After witnessing a conflict between a triceratops and a mammoth they are captured and enslaved by Neanderthals together with a number of native humans. These include Darya, daughter of a tribal king, Jorn, a hunter, and Fumio, a villainous chieftain. Eric leads a slave revolt, freeing the others, but is himself retaken. On the plus side, he saves the life of Hurok, one of his captors, thus befriending him. Meanwhile, Potter and the rest of the freed captives are attacked by corsairs.

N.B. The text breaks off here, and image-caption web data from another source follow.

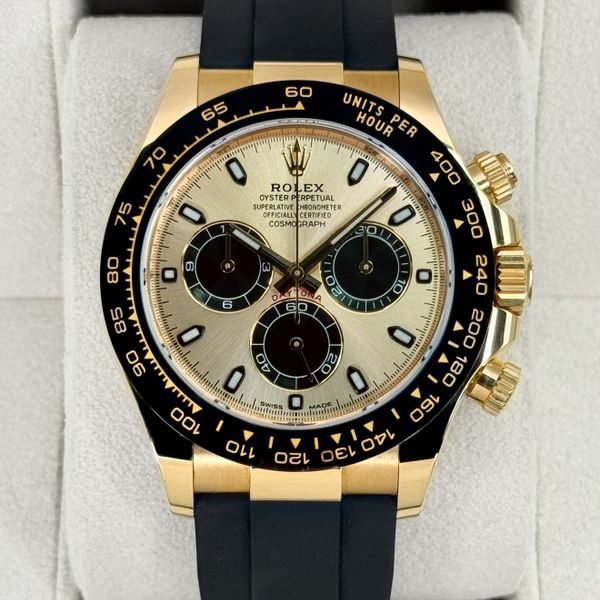 FSOT:2022 Rolex Daytona 40mm 116518LN Yellow Gold Oysterfle…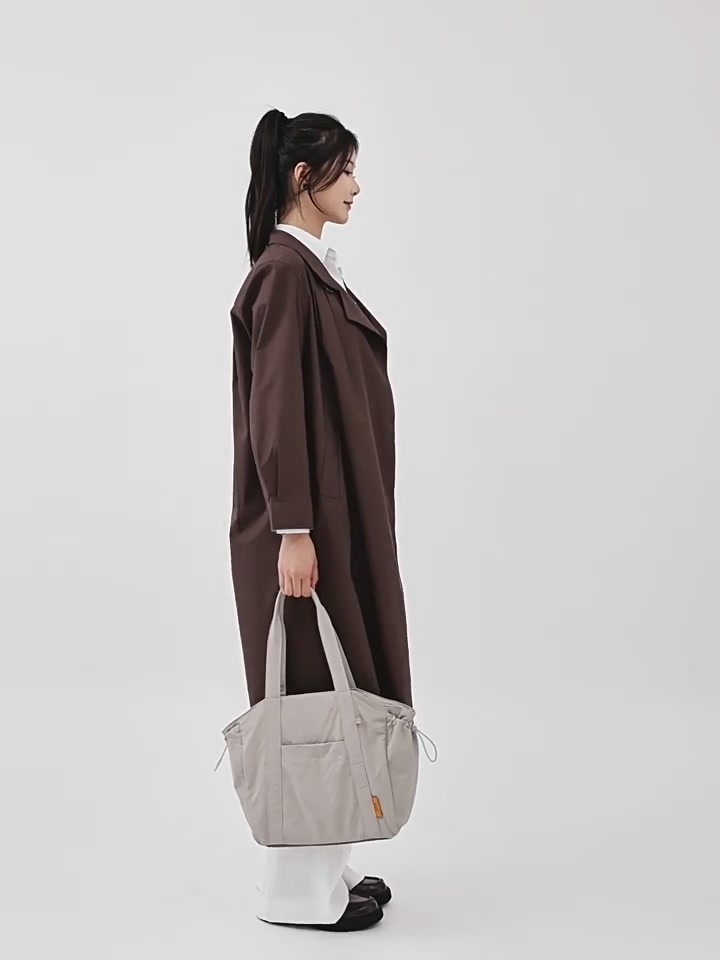 莱夫贝壳包：通勤党狂喜！这容量能装下整个宇宙？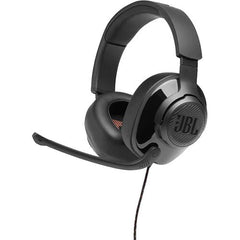 سماعات الألعاب السلكية JBL Quantum 300 - حول الأذن مع برنامج JBL Quantum Engine - أسود | JBLQUANTUM300BLKAM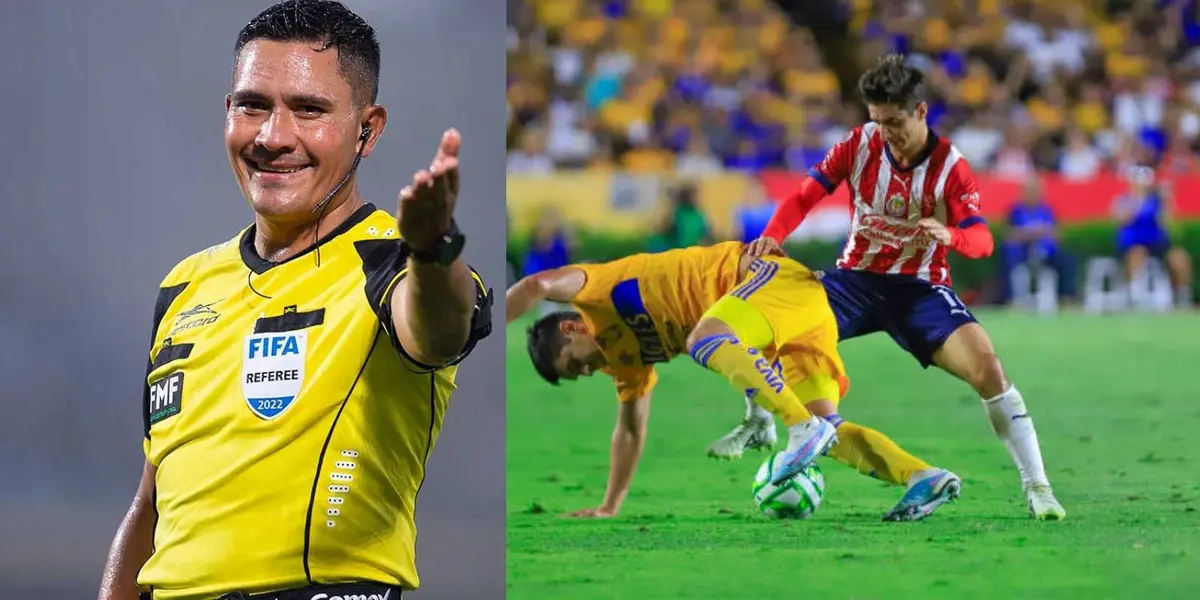 El arbitraje de Fernando Guerrero fue muy parcializado hacia Chivas y podría perjudicar a Tigres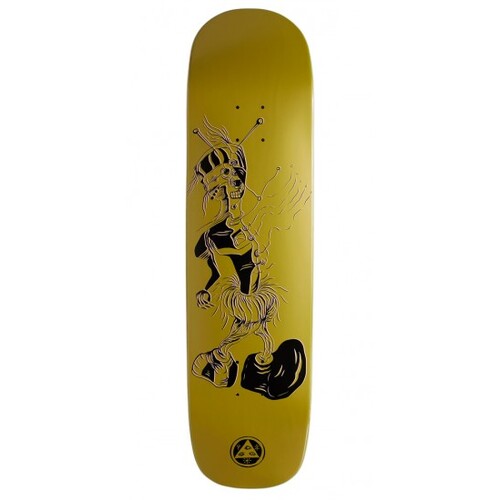 Welcome Deck Effigy On Yung Nibiru Gold 8.25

The author provides as an appendix "A Stone Age Glossary" at the end of the book, enumerating the various prehistoric animals used, together with their supposed native names.

==Sources==
Previous fictional underground and lost worlds are referenced by the characters in the book, including those of Jules Verne (Journey to the Center of the Earth), Edgar Rice Burroughs (Pellucidar), Arthur Conan Doyle (The Lost World), and even King Kong (Skull Island), highlighting the author's literary debt to these precursors.

==Reception==
Robert M. Price characterizes the book and series as a homage to Burroughs's inner world novels; noting that "Zanthodon is first and foremost Pellucidar," with Carstairs "simply David Innes reincarnated," and Potter "a sillier version of inventor Abner Perry." But he finds their characters "well-drawn," finding Carstairs's "narrative voice well fits his characterization as a hard-bitten soldier-of-fortune." and Potter "a bit of a fraud, but with obvious erudition, a kind of academic jack-of-all-trades [who] knows whatever you need to know in a tight spot." The "hard-boiled quality ... alas, begins to fade as the action gets underway ... [y]et this is not simply a matter of Carter's inability to sustain a richer narrative texture [but] is inherent in the subject matter; if Raymond Chandler sent Philip Marlow to Pellucidar, he wouldn't be narrating it like he does The Long Goodbye." Price regards as "especially effective the idea that Potter initially theorizes the existence of Zanthodon from comparing various eastern myths of the netherworld ... often located to the west," supposing "they preserved the memory of an actual underground world filled with fearsome dangers[.]" Nonetheless, "[t]hough the Zanthodon books are not without their charming moments," Price also finds in them "clear evidence of Lin Carter's increasing carelessness as a writer," exhibiting "an increasing tendency toward self-contradiction and incoherent conception—a greater sloppiness coupled with an exhaustion of imagination."